▶ **Problem statement**:
Nothing but the pictures is dropped; write out all the remaining data below exactly.

▶ **Supplied information**:

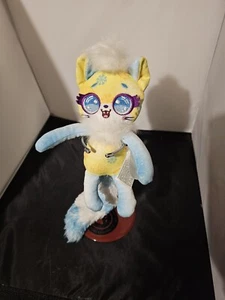 Fur By The Foot Plush Bubble Gum Besties Yellow Stuffed Animal Cat 1122 - Picture 1 of 5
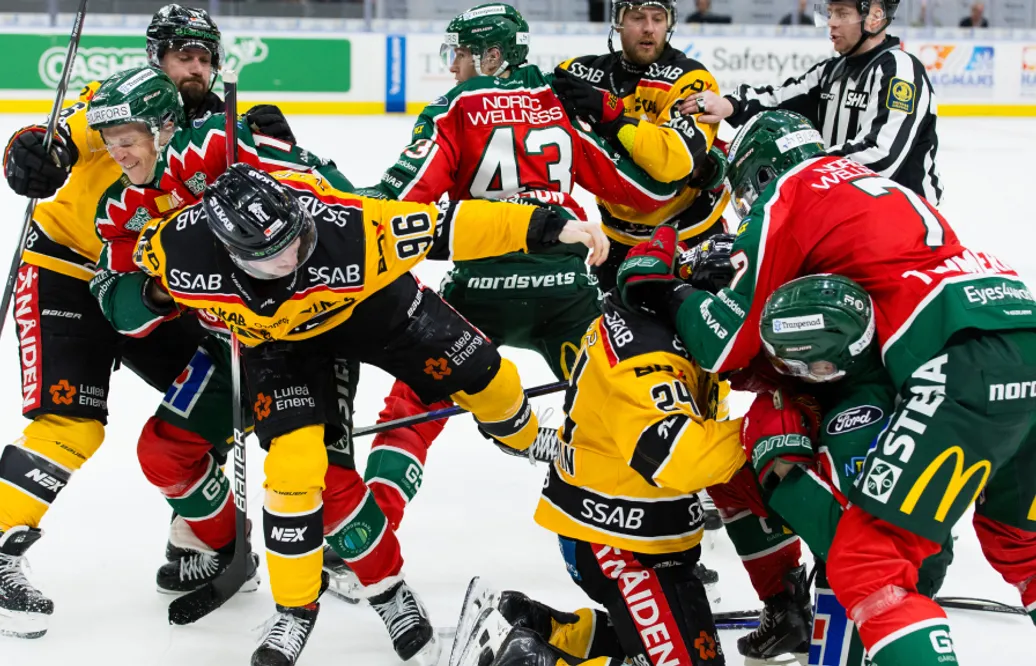 Jättebråk i heta mötet – Frölundas hemmasvit lever
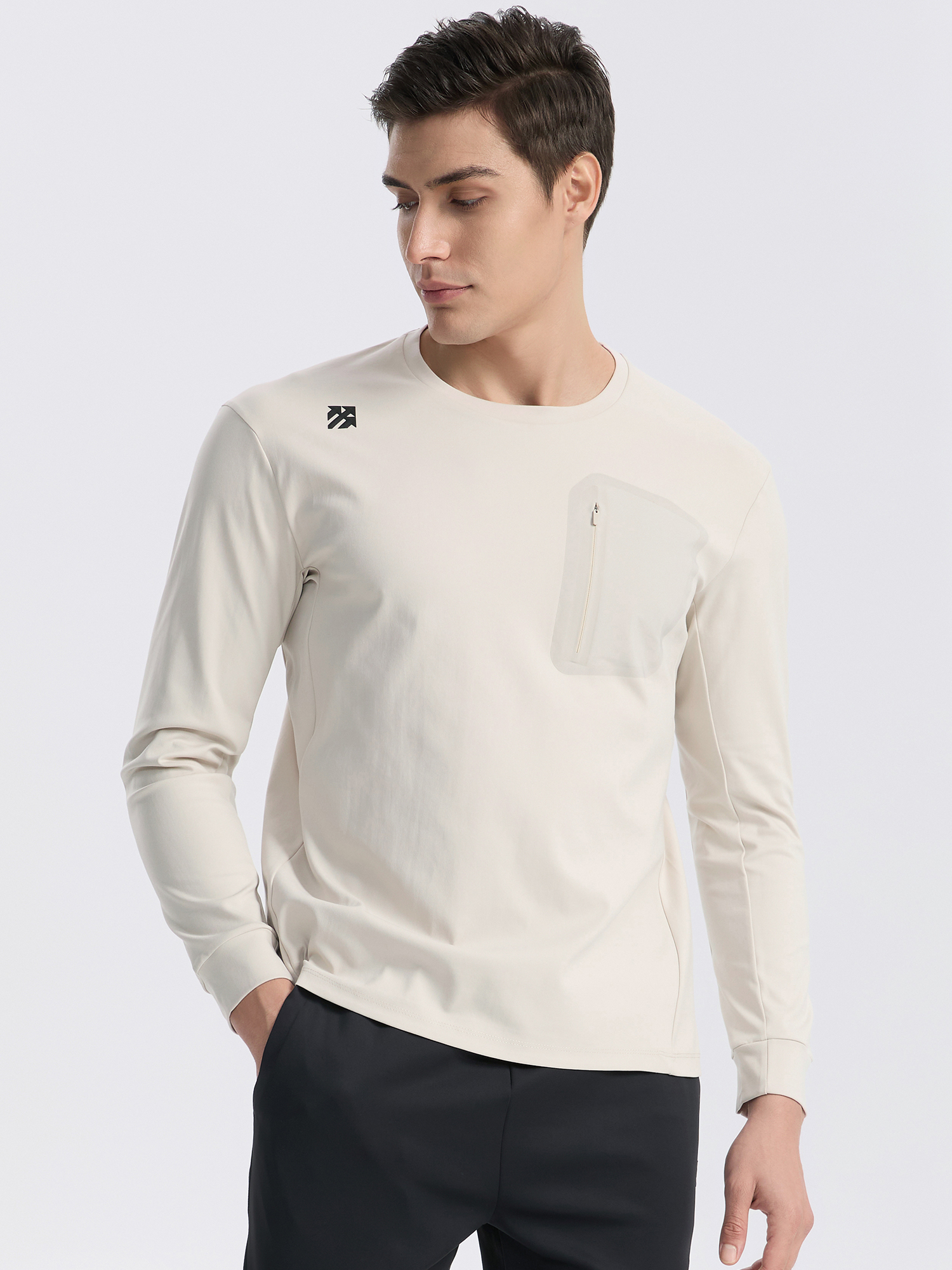 Senbwl Men's Crewneck Sweatshirt Cotton-Like Feel 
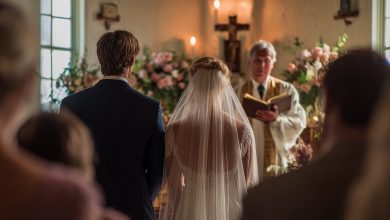 Już miałem powiedzieć „tak” na własnym ślubie, kiedy mój dwunastoletni syn krzyknął: „TATO, CZEKAJ! SPOJRZ NA JEJ RAMIĘ!”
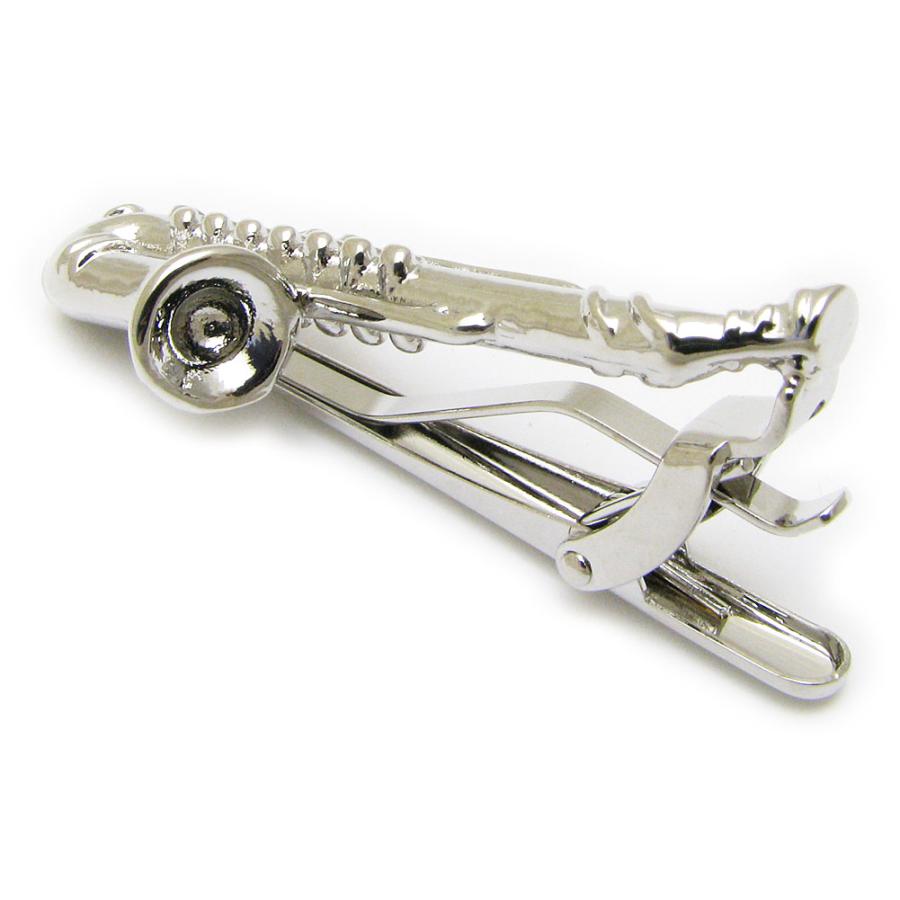 タイピン メンズ ネクタイピン サックス 楽器 演奏会 結婚式 CHS10108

▶ **Problem solution**:
 Fur By The Foot Plush Bubble Gum Besties Yellow Stuffed Animal Cat 1122 - Picture 1 of 5
 Jättebråk i heta mötet – Frölundas hemmasvit lever
 Senbwl Men's Crewneck Sweatshirt Cotton-Like Feel 
 Już miałem powiedzieć „tak” na własnym ślubie, kiedy mój dwunastoletni syn krzyknął: „TATO, CZEKAJ! SPOJRZ NA JEJ RAMIĘ!”
 タイピン メンズ ネクタイピン サックス 楽器 演奏会 結婚式 CHS10108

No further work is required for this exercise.